Dans la même veine, un stimulant exercice pratique de « design fiction » a apporté la réponse à la question « Quels seront les métiers de l’information locale en 2033 ? ». Bastien Kespern (cabinet Design Friction) a embarqué tous les participants, avec rigueur et imagination, dans cette définition d’un futur qui devrait voir apparaître trois domaines professionnels : « l’écologie active », « le numérique sobre » et « la confiance restaurée », avec, entre autres, l’excitant métier de « conservateur des emballements médiatiques ».

Du côté des journalistes

Il est toujours utile de savoir ce qui se passe dans cette corporation. Un fait frappant : les jeunes journalistes présents au FIL se sont approprié, signe des temps, le vocabulaire et – on peut l’espérer pour la survie des nouveaux médias – les pratiques et les méthodes de la gestion : « marketing », « modèle économique », « cibler l’audience », « fédérer son audience », « nouveaux revenus »… Autrefois ces domaines, c’était quasiment le diable. Aujourd’hui en parle-t-on de manière angélique ?

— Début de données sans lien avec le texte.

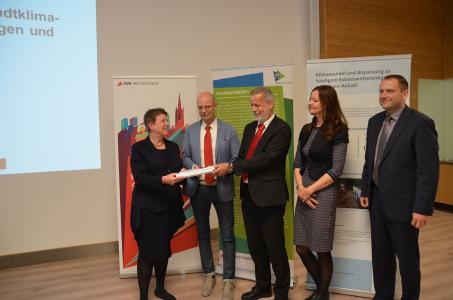 Die vom Deutschen Wetterdienst (DWD) aufbereiteten Ergebnisse wurden heute offiziell an Umweltministerin Claudia Dalbert übergeben. Quelle: Stadtwerke Halle GmbH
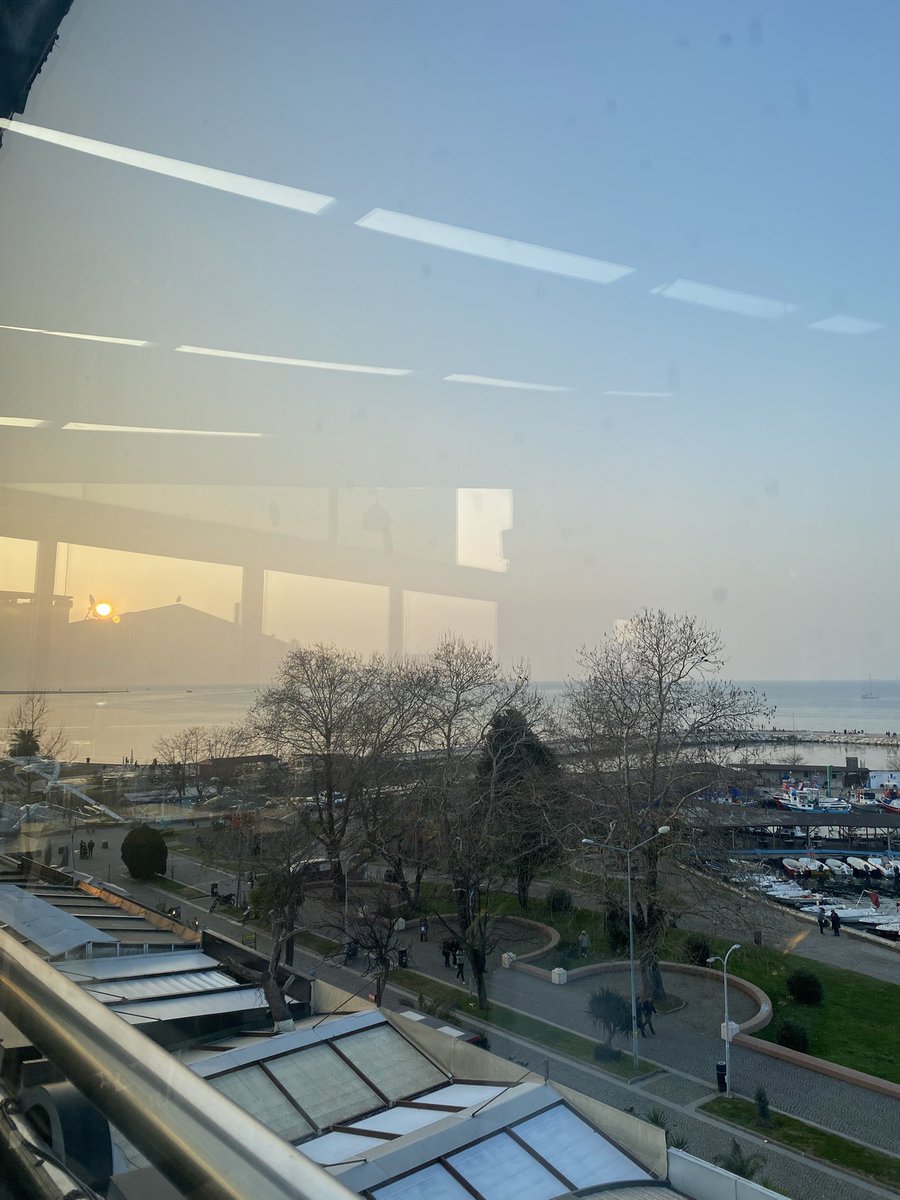 Yalova’nın en güzel manzaralı mekanı ve hepimizin gençlik anıları🥲 isim belirtmeme gerek yok bence 💖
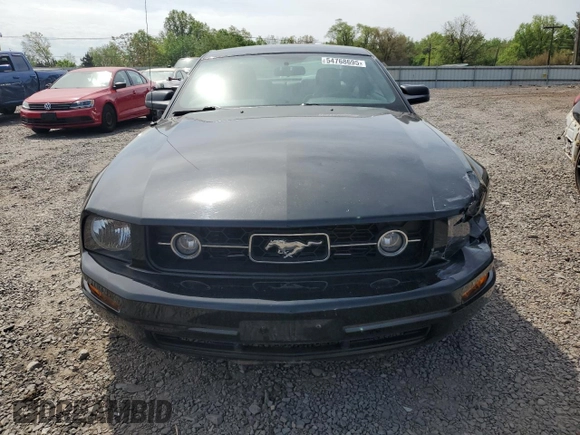 2008 Ford Mustang Deluxe z VIN 1ZVHT80N085132479, wystawiony jako Copart lot #54768695 z przebiegiem 42 404 mil mil oraz Szkoda całkowita • Salvage title. Historia ofert i sprzedaży dostępna na DreamBid. Obrazek 5.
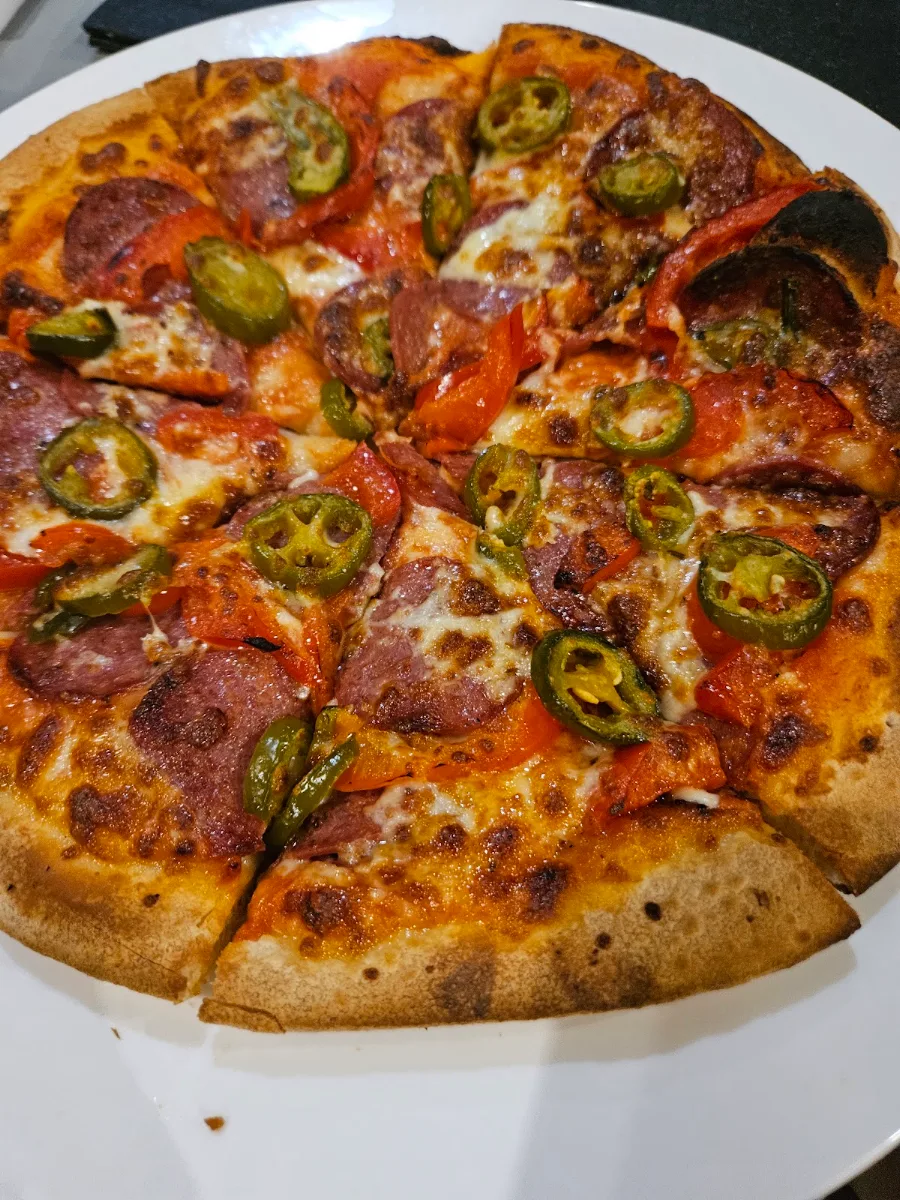 Calabrese Pizza, Luna Rossa Italian Restaurant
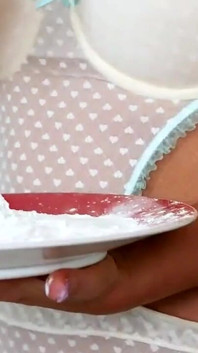 부엌에서 따먹히는 Nikki Benz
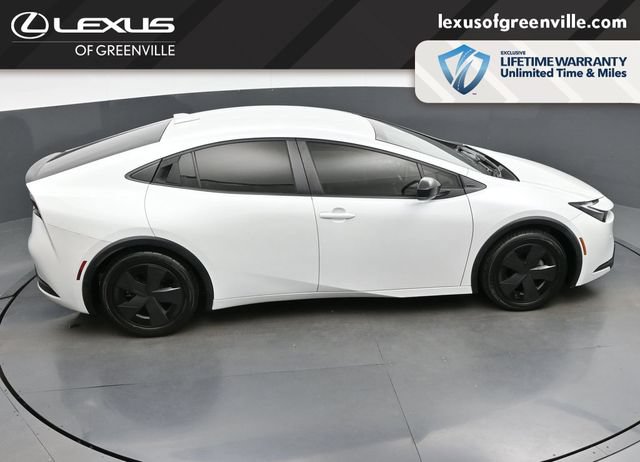 Used 2023 Toyota Prius LE FWD image 44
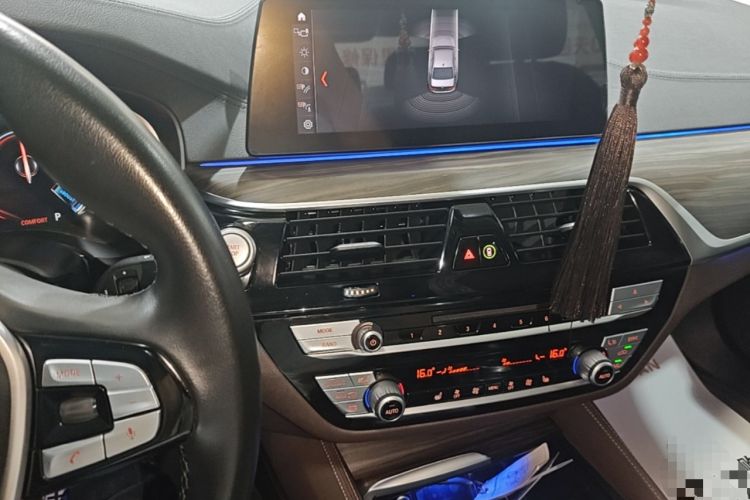 Used BMW 5 Series New Energy 2019 Updated Version 530Le Luxury Package Audio And AC Panel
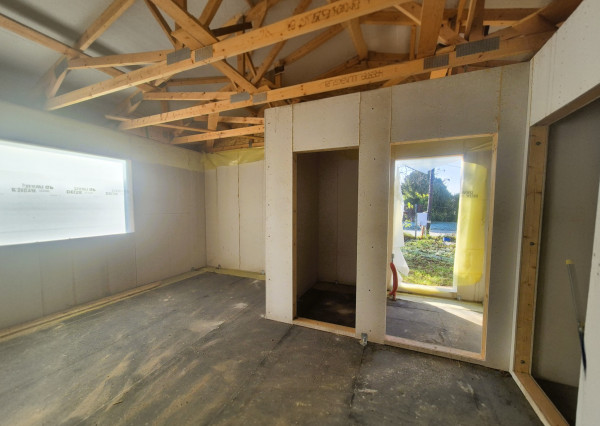 NA PREDAJ 2-izbová rozostavaná stavba rodinného domu (74 m²) – Jelka, okres Galanta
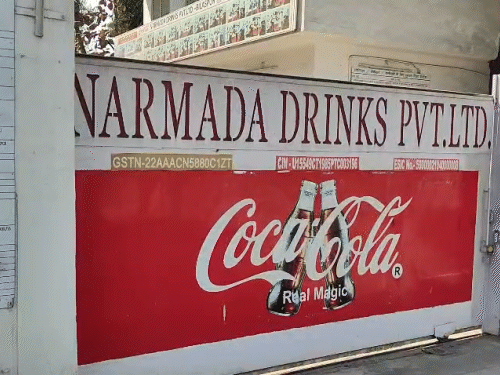 नर्मदा ड्रिंक्स प्राइवेट लिमिटेड में आयकर विभाग (IT) का छापा।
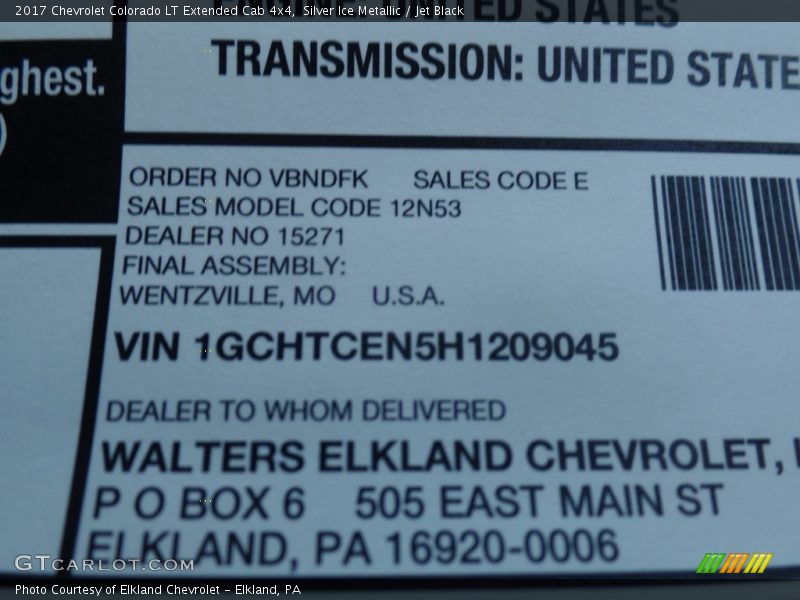 Silver Ice Metallic / Jet Black 2017 Chevrolet Colorado LT Extended Cab 4x4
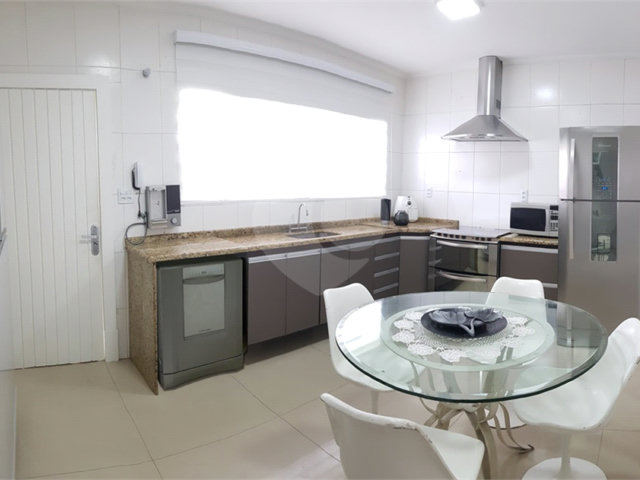 Casa Térrea à venda com 3 quartos, sendo 2 suítes,  em Vila Galvão, Guarulhos, SP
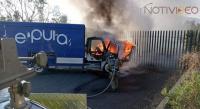 Normalistas incendian un camión repartidor afuera de la ENEF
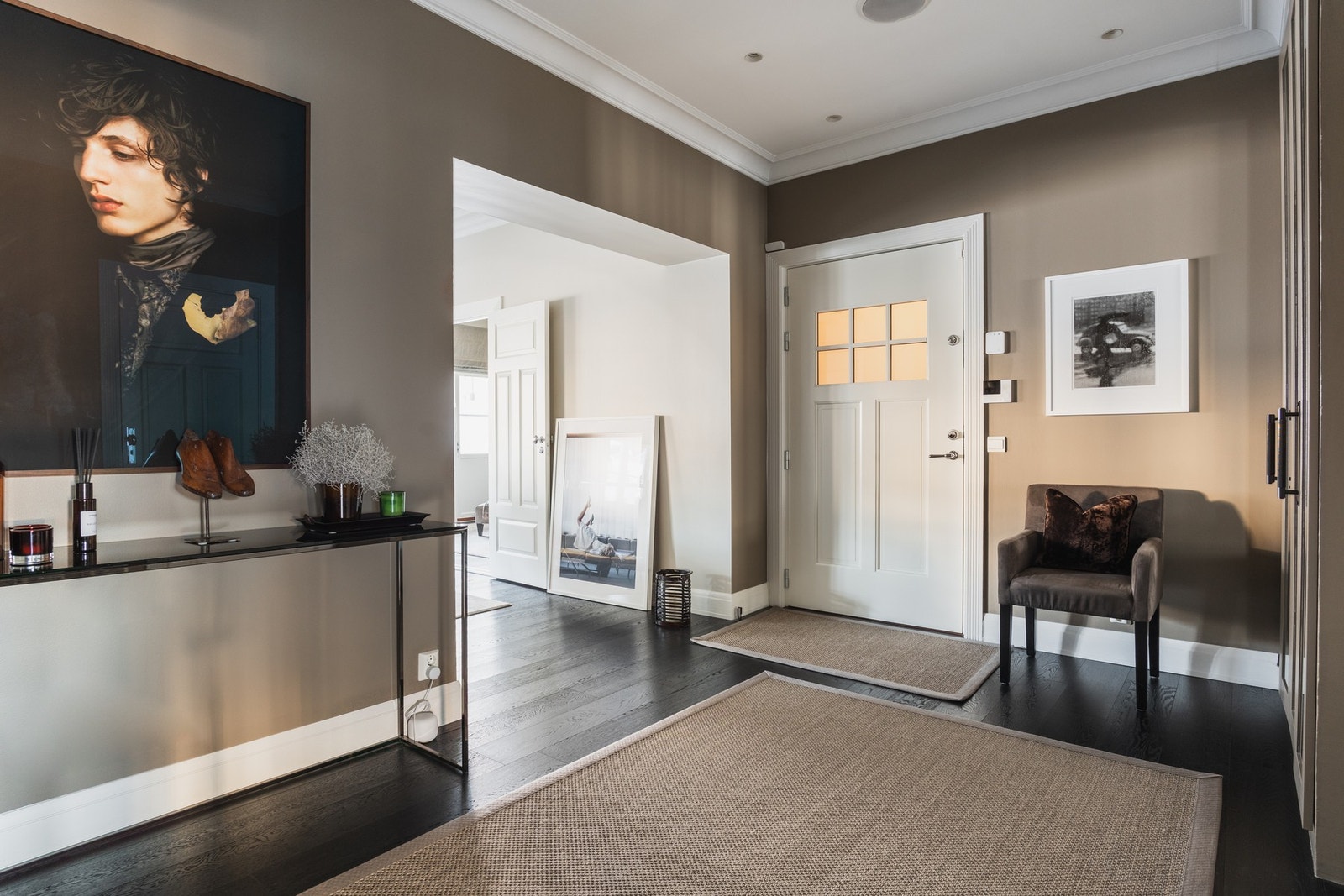 Delikat entré/hall. Galleribilde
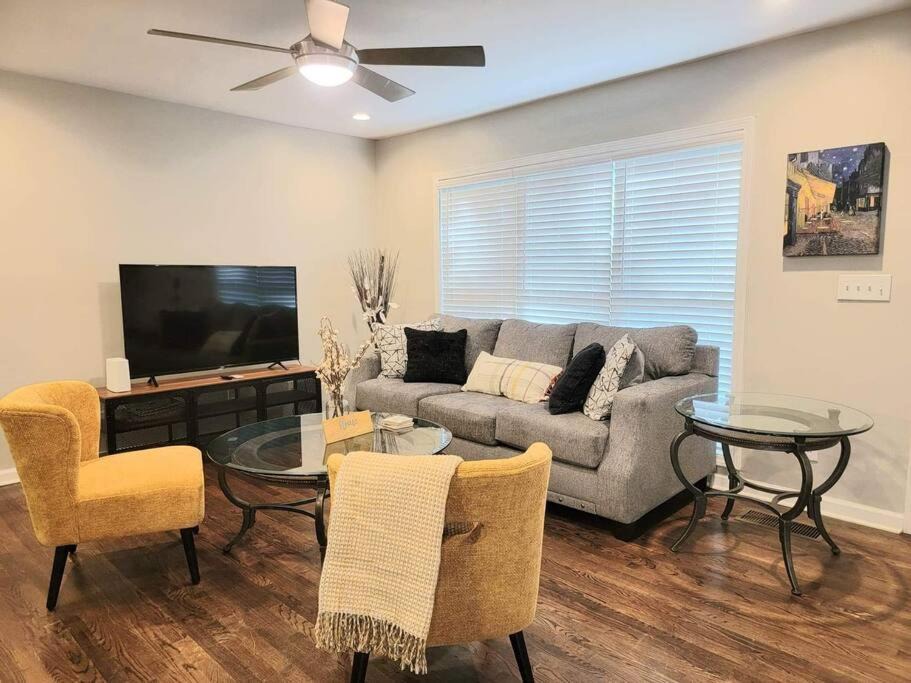 Photo of Livingroom in Smyrna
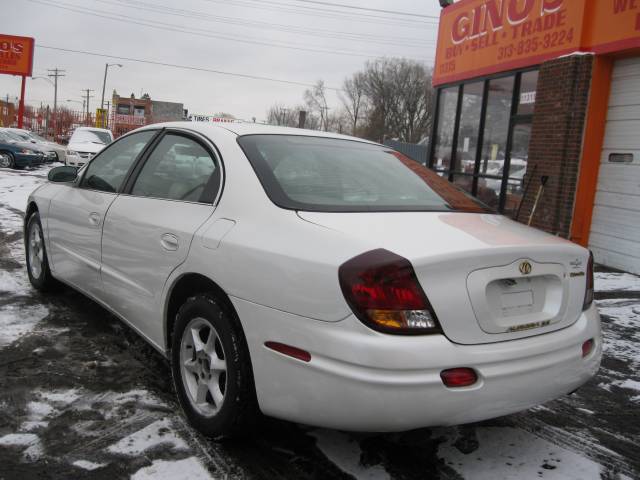 Oldsmobile Aurora 2001 photo 4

Mêmes professionnels concernés avec la présentation par Jean-Marie Charon, chercheur associé à l’EHESS (École des hautes études en sciences sociales), de son enquête Jeunes journalistes. L’heure du doute (Éditions Entremises), réalisée auprès de 109 d’entre eux, de 30 ans et moins. Que retenir ?

  • Ils sont bien formés.
  • Ils sont motivés et veulent être utiles dans la société.
  • Les deux tiers sont dans la précarité.
  • Ils disent subir une hiérarchie discriminante par l’âge, le genre et l’origine sociale.
  • Ils pâtissent d’être en première ligne, face à la défiance à l’égard des médias, et doutent eux-mêmes de la qualité de l’information.
  • Ils doutent de leur avenir professionnel et ont des difficultés à se projeter.
  • Ils quittent fréquemment ce métier au bout de quelques années, certains pour aller dans les journaux des collectivités. Il serait intéressant de savoir s’ils s’y épanouissent mieux.